1. As juventudes católicas: uma Igreja e suas várias vertentes

Em um texto sobre os jovens participantes da Jornada Mundial da Juventude (Rio de Janeiro, 2013), Carranza e Sofiati (2018) chamam a atenção para um jogo de negociação entre um alinhamento institucional dos jovens e “uma criativa salvaguarda de sua autonomia pessoal”, e delineam quatro  vertentes que podem ser resumidas da seguinte maneira:

  • Tradicionalista: Em contraposição à modernidade, essa vertente defende o “resgate de práticas rituais e costumes medievais”. Exemplos: Tradição, Família e Propriedade (TFP); os Arautos do Evangelho que se “consideram um instrumento de santidade da Igreja, sendo que sua espiritualidade é alicerçada na ‘Eucaristia, em Maria e no Papa’.”
  • Modernizadora-conservadora: Essa vertente tem diálogo com certos elementos da modernidade, por meio de roupagem midiatizada dedica-se à evangelização juvenil. Seu perfil é visto como conservador. Congrega jovens em movimentos como Renovação Carismática, Grupos de oração; Comunidades de Vida e Aliança; Canção Nova, Toca de Assis.
  • Reformista: Essa vertente defende os direitos humanos e práticas sociocaritativas, enfatizando a dimensão humana e social da religião. Reúne agrupamentos juvenis  presentes em escolas católicas e confessionais de elite, como Colégios Maristas e Salesianos.
  •  Radical: Essa vertente reúne setores ligados à Teologia da Libertação e aos ideais das Comunidades Eclesiais de Base, na perspectiva da “opção preferencial pelos pobres”. Seus trabalhos sociais combinam caráter teológico-pastoral e sociopolítico. Atua em sintonia com os movimentos sociais como acontece  nas Pastorais da Juventude.

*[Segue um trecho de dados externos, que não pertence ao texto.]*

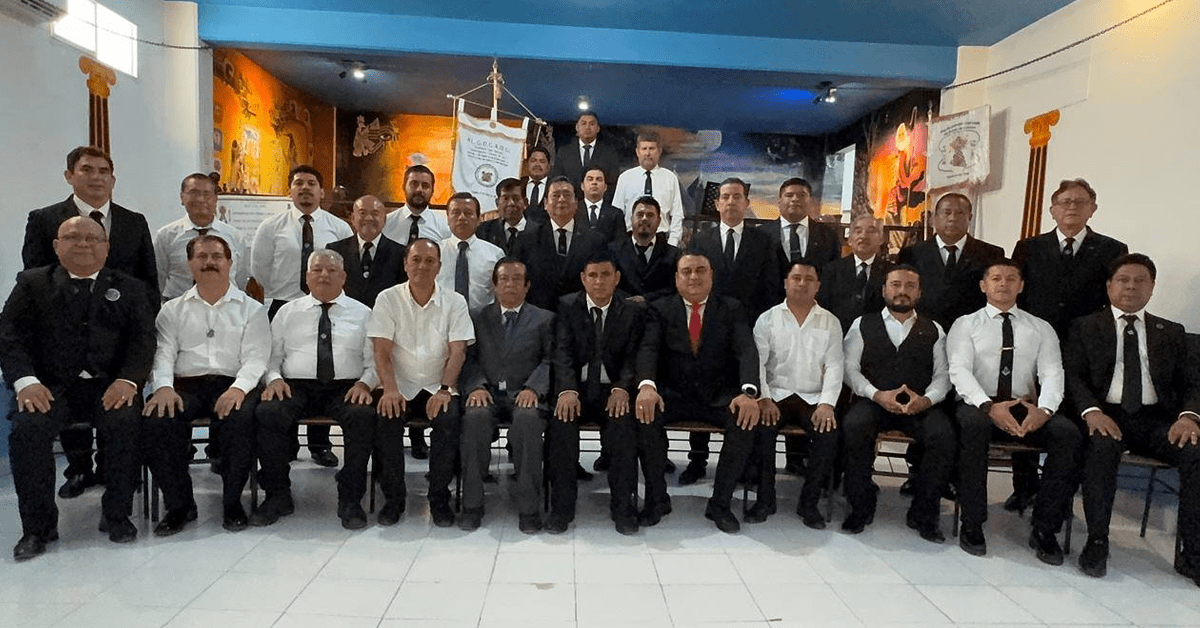 XLI Aniversario de la R.L.S. Interrogación Cósmica 26 No. 7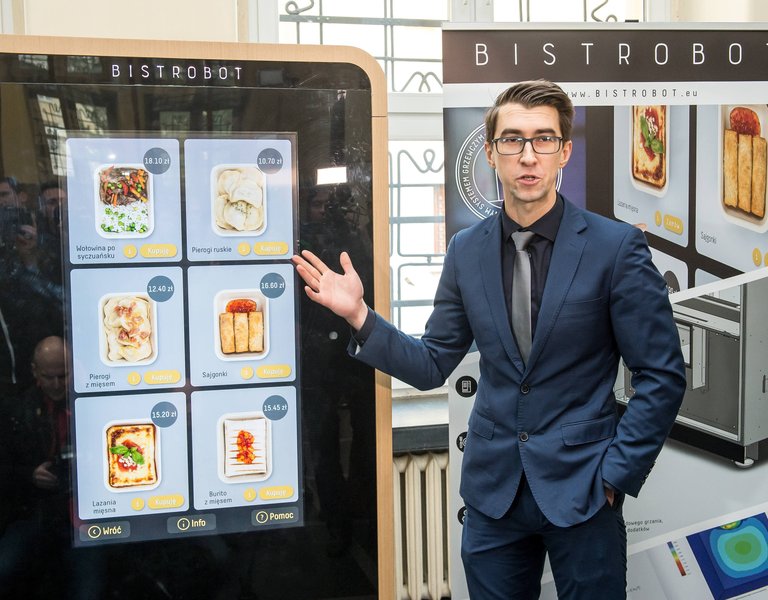 Wrocław students and graduates have built a robot that serves meals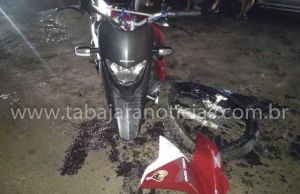 Acidente entre moto e carro deixa dois feridos na Vila São Pedro.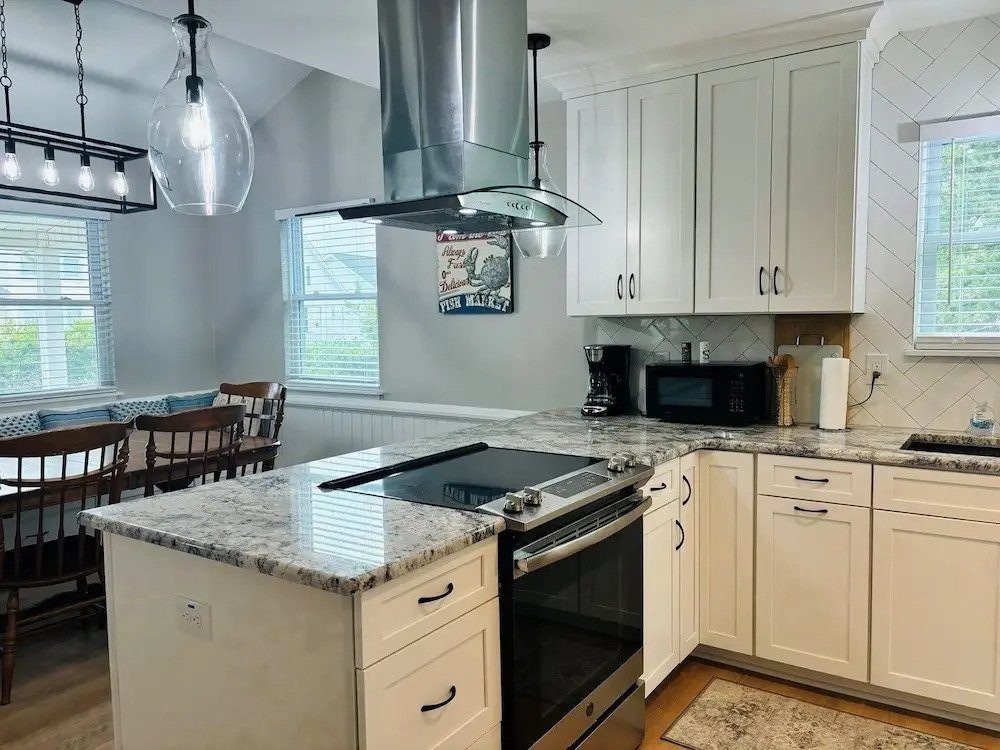 Buckeye's At The Beach 3 Bedroom Home by RedAwning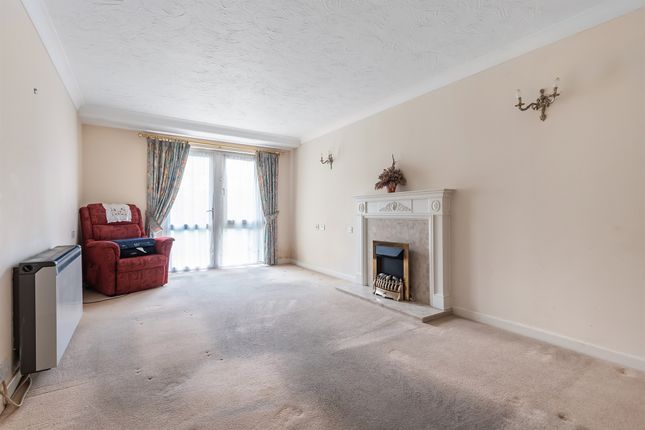 Flat 8, St Elizabeths Court, Mayfield Avenue, London photo 2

Reconhecendo ainda que – dentro das quatro tendências apontadas acima – existem outras tantas variações, Carranza e Sofiati (2018) afirmam que as muitas dissonâncias não impediram que a Jornada Mundial da Juventude de 2013 tenha reforçado a instituição e reafirmado o poder hierárquico do Papa. Como sempre ocorre nessa instituição milenar – para além das disputas internas –, nas Jornadas reafirmou-se a unidade católica.

Como se sabe, a propagada “unidade católica” sempre abarcou disputas e convivências entre correntes e carismas. Atualmente, diferentes correntes pastorais disputam as bênçãos e as influências do Papa. Em seu pontificado, Francisco – como gosta de ser chamado – tem resistido a críticas de tradicionalistas conservadores, tem feito mediações entre grupos divergentes e assim tem logrado preservar a unidade institucional. Contudo, ainda que busque se equilibrar na clássica tensão entre utopia e instituição, o Papa não tem deixado de se posicionar e nem tem se furtado a acolher jovens envolvidos com lutas sociais que buscam seu apoio.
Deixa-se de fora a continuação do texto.